The 38-year-old man received lorazepam for the seizures, but it took even more work to find out what was originally causing them.
Several conditions can lead to seizures or symptoms that look like them. Anything that interferes with blood circulation in the brain can cause them, so it is important to check your entire circulatory system. Tests revealed that a man’s liver, which regulates the chemicals in our bloodstream, and the kidneys, which remove waste products from the blood and regulate blood pressure, both function properly.
Also, momentary blood loss to the brain (ischemic attacks), drugs, migraines, and psychiatric events can cause seizure-like symptoms, but toxicological tests and the fact that the man had previously been completely healthy ruled them out.
“Getting a clinical history is key,” Cole explains. “The most powerful tool for estimating a potential scene is additional information.”
The patient’s history provided a clue. He had moved from a rural area in Guatemala 20 years ago.
Brain scans revealed three calcified lesions. Based on their presentation and the patient’s history, doctors concluded that they were cysts belonging to the parasitic worm (Taenia solium).
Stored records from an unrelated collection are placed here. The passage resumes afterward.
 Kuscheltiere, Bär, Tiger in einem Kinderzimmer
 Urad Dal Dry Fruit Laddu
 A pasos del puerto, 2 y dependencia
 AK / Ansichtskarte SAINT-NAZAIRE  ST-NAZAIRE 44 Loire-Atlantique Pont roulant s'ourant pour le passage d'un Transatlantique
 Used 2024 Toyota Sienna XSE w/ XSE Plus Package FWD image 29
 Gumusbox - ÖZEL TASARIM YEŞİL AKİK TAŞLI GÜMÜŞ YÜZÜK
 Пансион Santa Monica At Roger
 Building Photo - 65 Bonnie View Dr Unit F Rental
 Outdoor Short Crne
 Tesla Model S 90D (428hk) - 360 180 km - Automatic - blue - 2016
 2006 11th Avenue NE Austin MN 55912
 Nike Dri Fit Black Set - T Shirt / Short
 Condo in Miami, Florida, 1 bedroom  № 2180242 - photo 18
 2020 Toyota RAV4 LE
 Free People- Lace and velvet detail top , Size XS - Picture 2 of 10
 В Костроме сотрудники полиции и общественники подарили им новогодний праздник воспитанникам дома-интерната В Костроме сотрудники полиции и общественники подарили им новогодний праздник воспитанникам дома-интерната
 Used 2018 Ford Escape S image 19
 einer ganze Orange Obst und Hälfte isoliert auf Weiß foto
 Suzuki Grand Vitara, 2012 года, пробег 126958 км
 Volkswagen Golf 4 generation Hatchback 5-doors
These white, ribbon-like worms rely on human hosts to reach the adult stage of their life cycle, where they catch the small intestine with dozens of small hooks.
Here, the worms enjoy the surrounding nutrients and can grow to a staggering eight meters in length. This is the stage where they can reproduce sexually if they have good luck – otherwise they will reproduce asexually. Their eggs carry our feces to the rest of the world. They can then survive in the environment for up to two months as eggs in the hope that another animal will eat them.
Pigs are the most common intermediate host, but sometimes other people or even the person originally infected eats tapeworm eggs. They hatch in the gut of their eater and the resulting larva entered the bloodstream, preferably nesting in tasty pork muscles, which can then transport them back to people who have eaten undercooked meat.
However, the resulting cysts formed by the larvae can develop in any organ, and they are the ones that cause the most serious problems – especially if they settle in the brain.
This condition is called neurocystic sucrose and is a leading cause of acquired epilepsy in many parts of the world – including Latin America and sub-Saharan Africa. In the United States alone, thousands of people are believed to file similar cases every year.
Neurocystic sclerosis is a preventable disease, but despite its prevalence and severity, relatively few resources have been devoted to its control, which is why the CDC classified it as a neglected tropical disease.
Preventive measures include careful hand washing, safe cooking and handling of meat, and prompt care for people with intestinal tapeworms.
Some cases of neurocystic sclerosis require surgery to remove a problematic cyst from the brain, such as the recent case of a 25-year-old Australian woman who experienced constant headaches and blurred vision. Because cysts can form in different parts of the brain, symptoms can vary greatly.
In this case, the man was treated with an anti-inflammatory, anticonvulsant, and two antiparasitic drugs. He was discharged from the hospital without symptoms after five days and remains seizure-free after three years.
However, he is likely to continue to use anticonvulsants.
“The question of when the medication will be stopped is problematic because the calcified lesion will last forever,” Cole says.
This case study was reported in New England Journal of Medicine.